[Haddock] rebuilding haddock docs
Mark Lentczner
markl at glyphic.com
Thu Aug 19 22:46:27 EDT 2010
On Aug 9, 2010, at 8:14 AM, Simon Marlow wrote:
> Do the anchors have to change, or would it be possible to make them compatible?
>
> In the past when the .haddock format changes we have tried to degrade gracefully, still producing documentation but without the features that were enabled by the format change.
Here's the deal: Anchors were broken in that they weren't really compliant. The various hacks with escaping in links, and double-anchoring were really just hacks to work around this.

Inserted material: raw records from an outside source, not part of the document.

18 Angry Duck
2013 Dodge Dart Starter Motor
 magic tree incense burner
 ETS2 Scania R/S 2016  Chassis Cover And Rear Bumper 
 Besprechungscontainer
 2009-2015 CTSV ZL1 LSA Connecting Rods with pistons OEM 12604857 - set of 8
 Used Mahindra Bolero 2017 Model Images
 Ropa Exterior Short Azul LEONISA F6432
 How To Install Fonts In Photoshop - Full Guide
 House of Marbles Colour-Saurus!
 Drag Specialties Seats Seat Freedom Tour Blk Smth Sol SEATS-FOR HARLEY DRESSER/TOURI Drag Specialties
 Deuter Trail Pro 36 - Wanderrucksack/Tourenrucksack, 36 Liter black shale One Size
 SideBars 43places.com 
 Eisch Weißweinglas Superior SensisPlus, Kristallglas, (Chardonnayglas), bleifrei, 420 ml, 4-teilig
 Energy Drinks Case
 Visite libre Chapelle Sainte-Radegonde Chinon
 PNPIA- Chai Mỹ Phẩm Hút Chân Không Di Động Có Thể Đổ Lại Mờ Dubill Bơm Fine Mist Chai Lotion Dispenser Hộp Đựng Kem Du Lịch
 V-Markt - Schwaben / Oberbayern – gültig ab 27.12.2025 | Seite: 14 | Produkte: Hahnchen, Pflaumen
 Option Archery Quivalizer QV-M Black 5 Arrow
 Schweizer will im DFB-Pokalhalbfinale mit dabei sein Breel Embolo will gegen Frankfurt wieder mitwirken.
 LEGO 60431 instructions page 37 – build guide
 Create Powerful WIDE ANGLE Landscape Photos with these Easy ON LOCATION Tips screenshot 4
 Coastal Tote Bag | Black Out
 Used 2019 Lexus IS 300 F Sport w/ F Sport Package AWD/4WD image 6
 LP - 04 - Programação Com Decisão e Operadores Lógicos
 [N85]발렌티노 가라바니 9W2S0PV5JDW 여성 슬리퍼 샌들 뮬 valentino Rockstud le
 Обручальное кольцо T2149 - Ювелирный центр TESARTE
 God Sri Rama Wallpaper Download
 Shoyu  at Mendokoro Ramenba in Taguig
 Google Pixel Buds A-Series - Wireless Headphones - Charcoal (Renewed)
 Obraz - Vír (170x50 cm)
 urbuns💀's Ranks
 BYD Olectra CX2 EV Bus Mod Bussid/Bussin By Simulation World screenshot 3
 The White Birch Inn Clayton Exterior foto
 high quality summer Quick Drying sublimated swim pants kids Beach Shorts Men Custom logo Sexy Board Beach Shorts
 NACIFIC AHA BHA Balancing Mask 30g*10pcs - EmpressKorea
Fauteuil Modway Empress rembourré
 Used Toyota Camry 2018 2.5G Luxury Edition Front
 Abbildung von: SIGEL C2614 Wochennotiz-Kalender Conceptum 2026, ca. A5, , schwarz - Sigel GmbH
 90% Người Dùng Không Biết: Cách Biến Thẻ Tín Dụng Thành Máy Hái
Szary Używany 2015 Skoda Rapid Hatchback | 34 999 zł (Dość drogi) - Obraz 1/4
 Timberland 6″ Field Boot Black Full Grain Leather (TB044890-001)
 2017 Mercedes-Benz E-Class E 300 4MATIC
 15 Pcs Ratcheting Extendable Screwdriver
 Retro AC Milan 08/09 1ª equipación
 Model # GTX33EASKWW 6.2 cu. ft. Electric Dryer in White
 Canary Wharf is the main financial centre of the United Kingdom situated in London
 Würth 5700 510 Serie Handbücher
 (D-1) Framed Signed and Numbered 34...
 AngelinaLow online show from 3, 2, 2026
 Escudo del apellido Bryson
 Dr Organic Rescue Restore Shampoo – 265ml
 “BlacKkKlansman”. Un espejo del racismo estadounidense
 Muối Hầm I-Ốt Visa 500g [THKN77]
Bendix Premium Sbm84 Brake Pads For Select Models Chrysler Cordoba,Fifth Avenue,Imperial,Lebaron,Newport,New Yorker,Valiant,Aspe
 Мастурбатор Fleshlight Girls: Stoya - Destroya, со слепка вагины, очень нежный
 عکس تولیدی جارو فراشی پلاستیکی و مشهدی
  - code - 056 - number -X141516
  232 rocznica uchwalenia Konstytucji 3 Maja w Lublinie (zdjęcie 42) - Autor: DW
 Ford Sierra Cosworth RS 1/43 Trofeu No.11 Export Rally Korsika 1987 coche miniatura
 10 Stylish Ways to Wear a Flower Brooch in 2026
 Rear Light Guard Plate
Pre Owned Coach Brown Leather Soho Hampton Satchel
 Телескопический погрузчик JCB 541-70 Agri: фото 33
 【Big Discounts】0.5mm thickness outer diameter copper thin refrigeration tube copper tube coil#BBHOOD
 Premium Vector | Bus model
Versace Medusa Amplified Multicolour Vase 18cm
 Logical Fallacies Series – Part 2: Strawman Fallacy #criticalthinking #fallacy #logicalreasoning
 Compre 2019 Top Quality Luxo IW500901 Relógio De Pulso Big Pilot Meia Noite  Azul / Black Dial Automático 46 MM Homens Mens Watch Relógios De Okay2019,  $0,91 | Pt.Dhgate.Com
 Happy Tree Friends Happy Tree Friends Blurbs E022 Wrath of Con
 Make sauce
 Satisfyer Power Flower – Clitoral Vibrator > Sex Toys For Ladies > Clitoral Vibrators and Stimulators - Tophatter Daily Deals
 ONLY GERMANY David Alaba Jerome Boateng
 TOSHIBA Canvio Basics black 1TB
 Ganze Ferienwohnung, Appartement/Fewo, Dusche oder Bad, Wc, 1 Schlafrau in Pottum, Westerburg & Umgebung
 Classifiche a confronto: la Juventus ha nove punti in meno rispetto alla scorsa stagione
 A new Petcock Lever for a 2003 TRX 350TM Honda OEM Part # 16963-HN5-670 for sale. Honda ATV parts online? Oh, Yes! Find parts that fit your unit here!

The details of how anchor ids should be constructed are in a comment in in Haddock.Utils:
-------------------------------------------------------------------------------
-- * Anchor and URL utilities
--
-- NB: Anchor IDs, used as the destination of a link within a document must
-- conform to XML's NAME production. That, taken with XHTML and HTML 4.01's
-- various needs and compatibility constraints, means these IDs have to match:
-- [A-Za-z][A-Za-z0-9:_.-]*
-- Such IDs do not need to be escaped in any way when used as the fragment part
-- of a URL. Indeed, %-escaping them can lead to compatibility issues as it
-- isn't clear if such fragment identifiers should, or should not be unescaped
-- before being matched with IDs in the target document.
-------------------------------------------------------------------------------
We can compare how the old code treats anchors with the new by looking at three representative functions from Data.Map: !, insertWith, and insertWith':
-- old links have hrefs ending in the fragment --
v%3A%21
v%3AinsertWith
v%3AinsertWith%27
-- old anchor points have two nested(!) A elements with these names --
v%3A%21 v:!
v%3AinsertWith v:insertWith
v%3AinsertWith%27 v:insertWith'
-- new links and anchor points use these --
v:-33-
v:insertWith
v:insertWith-39-
Thanks to the ambiguity in the specs over the years about % escaping and fragments, most browsers are eager to try anything to get a link to work. For most identifiers, this works in our favor, and old style links will find new style anchors; and new style links will find old style anchors, since they had two, one in new(ish) form. For identifiers with non-ASCII alphanumerics, all bets are off, since the new escaping mechanism is necessarily different.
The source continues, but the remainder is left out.